Como se chora um amante,
Assim me choro a mim mesmo:
Eu fui amante inconstante
Que se traiu a si mesmo.

Não sinto o espaço que encerro
Nem as linhas que protejo:
Se me olho a um espelho, erro
Não me acho no que projeto.

Regresso dentro de mim
Mas nada me fala, nada!
Tenho a alma amortalhada,
Sequinha dentro de mim.

Não perdi a minha alma,
Fiquei com ela, perdida.
Assim eu choro, da vida,
Eu nunca vi... mas recordo

A sua boca doirada
E o seu corpo esmaecido,
Em um hálito perdido
Que vem na tarde doirada.

(As minhas grandes saudades
São do que nunca enlacei.
Ai, como eu tenho saudades
Dos sonhos que sonhei!... )

E sinto que a minha morte —
Minha dispersão total —
Existe lá longe, ao norte,
Numa grande capital.

Vejo o meu último dia
Pintado em rolos de fumo,
E todo azul-de-agonia
Em sombra e além me sumo.

Ternura feita saudade,
Eu beijo as minhas mãos brancas...
Sou amor e piedade
Em face dessas mãos brancas. . .

Tristes mãos longas e lindas
Que eram feitas pra se dar
Ninguém mas quis apertar
Tristes mãos longas e lindas

Eu tenho pena de mim,
Pobre menino ideal...
Que me faltou afinal?
Um elo? Um rastro?... Ai de mim!

Desceu-me nalma o crepúsculo;
Eu fui alguém que passou.
Serei, mas já não me sou;
Não vivo, durmo o crepúsculo.

Álcool dum sono outonal
Me penetrou vagamente
A difundir-me dormente
Em, uma bruma outonal.

Perdi a morte e a vida,
E, louco, não enlouqueço...
A hora foge vivida
Eu sigo-a, mas permaneço ...

...............................................
Castelos desmantelados,
Leões alados sem juba...
.............................................. 

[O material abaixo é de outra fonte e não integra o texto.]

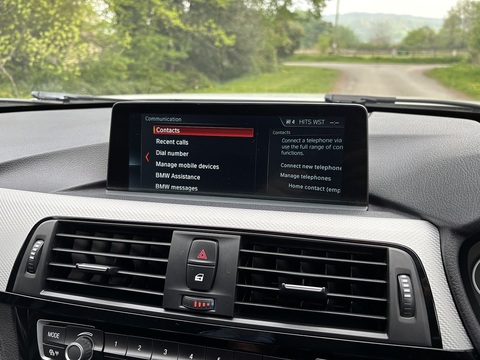 320I M Sport Touring 2.0 5dr Estate Automatic Petrol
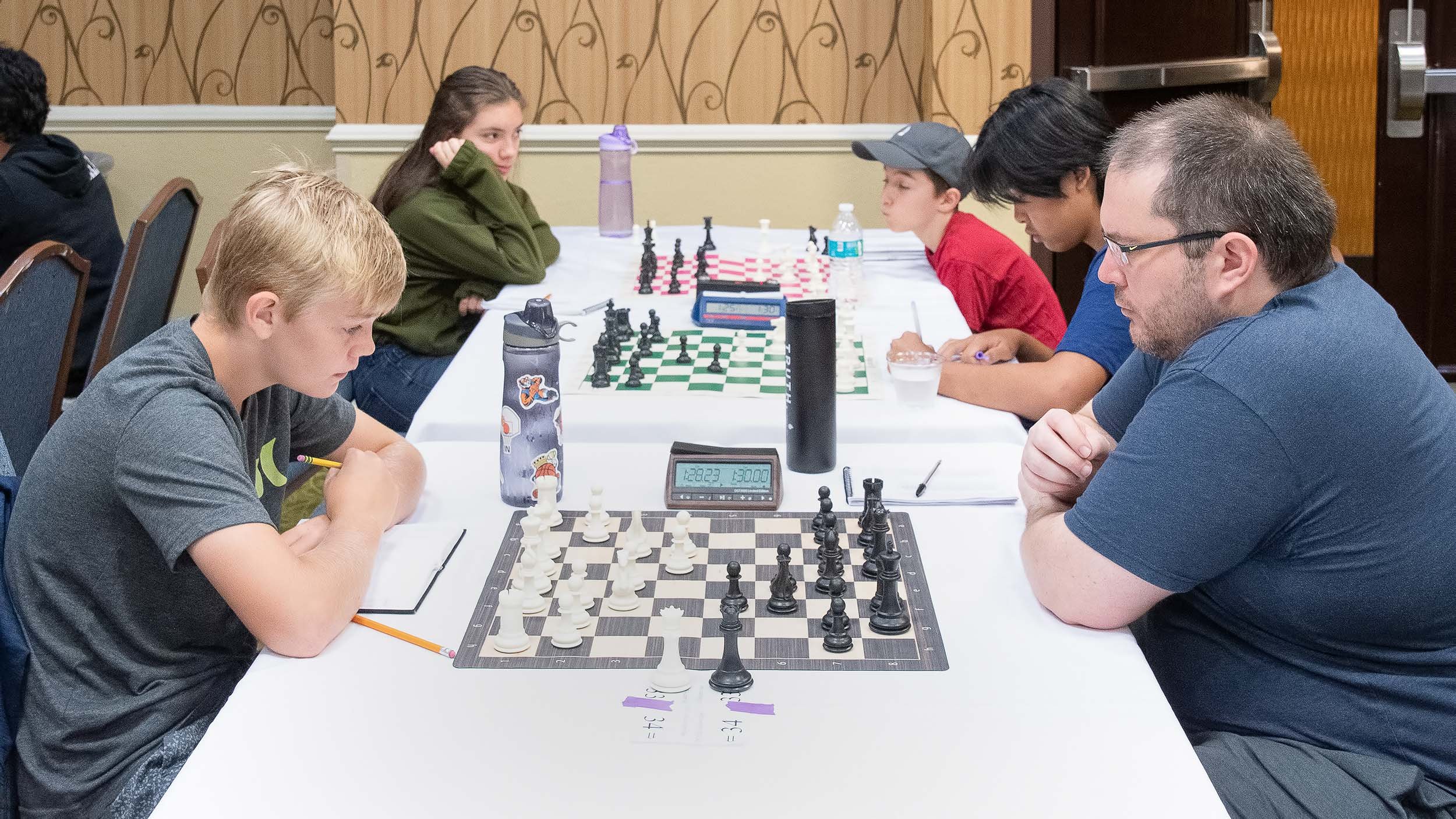 The First Major Chess Tournament of 2023 – Sutton High News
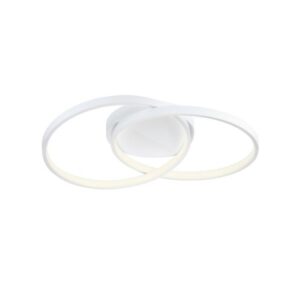 Плафон LED Redo Espiral 33W, димируем, 3000K, 2440lm - Снимка 1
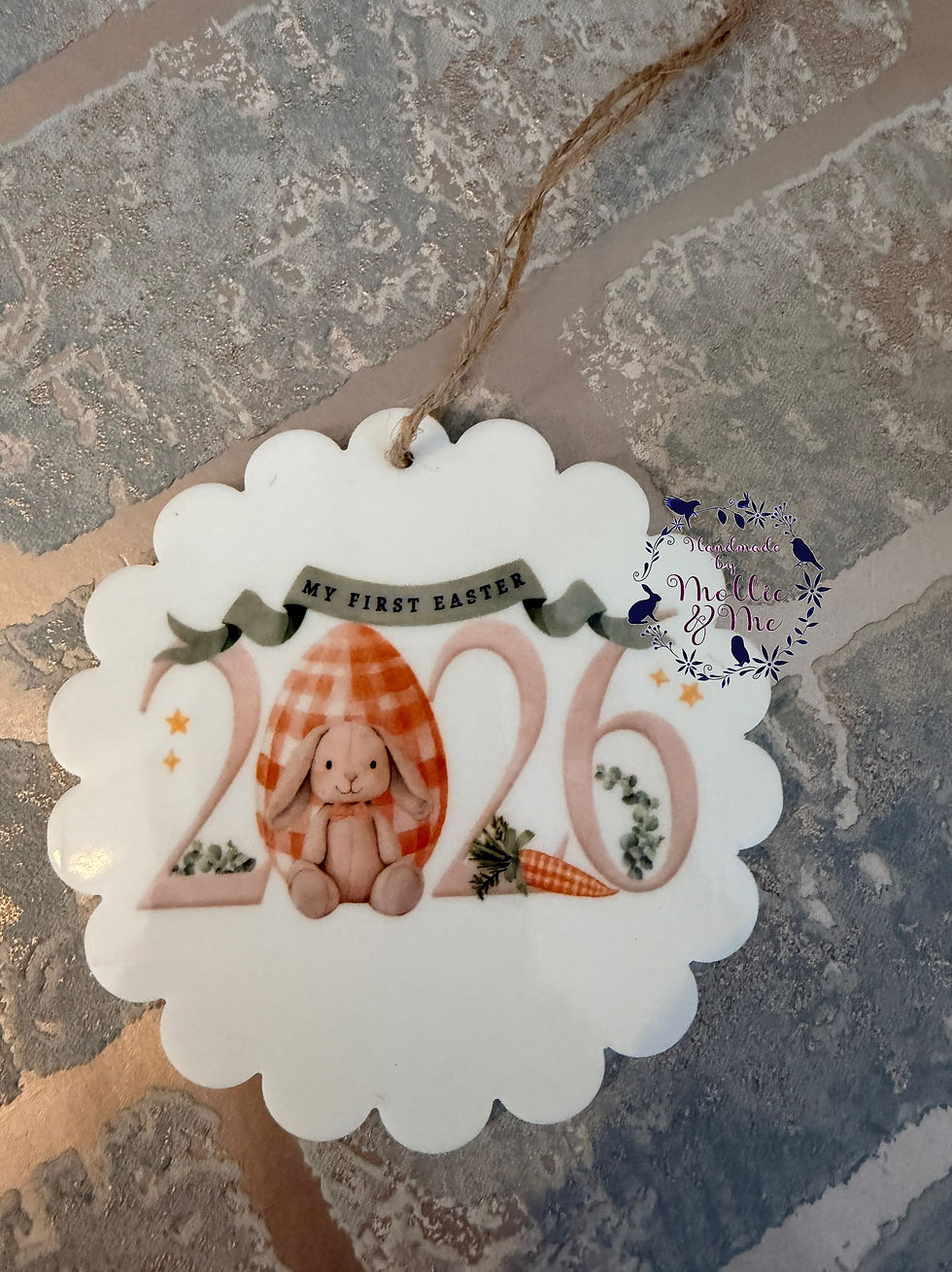 Thumbnail: Easter tags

Este poema retrata que tudo está voltado para o próprio " eu".Na palavra "labirinto" temos uma metáfora, em que o poeta se perde dentro de si mesmo e busca seu próprio eu.É egocêntrico.Possui estrofes regulares de quatro versos e usa pronomes reflexivos, os quais são os espelhos, ou seja, uma projeção de si mesmo.
Na quarta estrofe, o domingo para o vate é tédio e não se tem um bem-estar, pois é corriqueiro. A beleza está na ânsia, no desejo e aqui se tem um paradoxo, pois ele se perde com suas ânsias.
Na sexta estrofe, temos um alguém que sonhou demais e a identificação com o outro.
Na décima estrofe há uma duplicação do eu, o "eu" que recebe este eu e o eu que regressa.
O grotesco é o ideal entre o belo e o feio, uma visão decadentista, uma influência de Baudelaire.O presente sempre é vazio.No final do poema, temos uma metáfora,pois castelo é perfeito e não desmantelados e ele faz referência a si mesmo, porque sonha mas se perde nos seus próprios sonhos.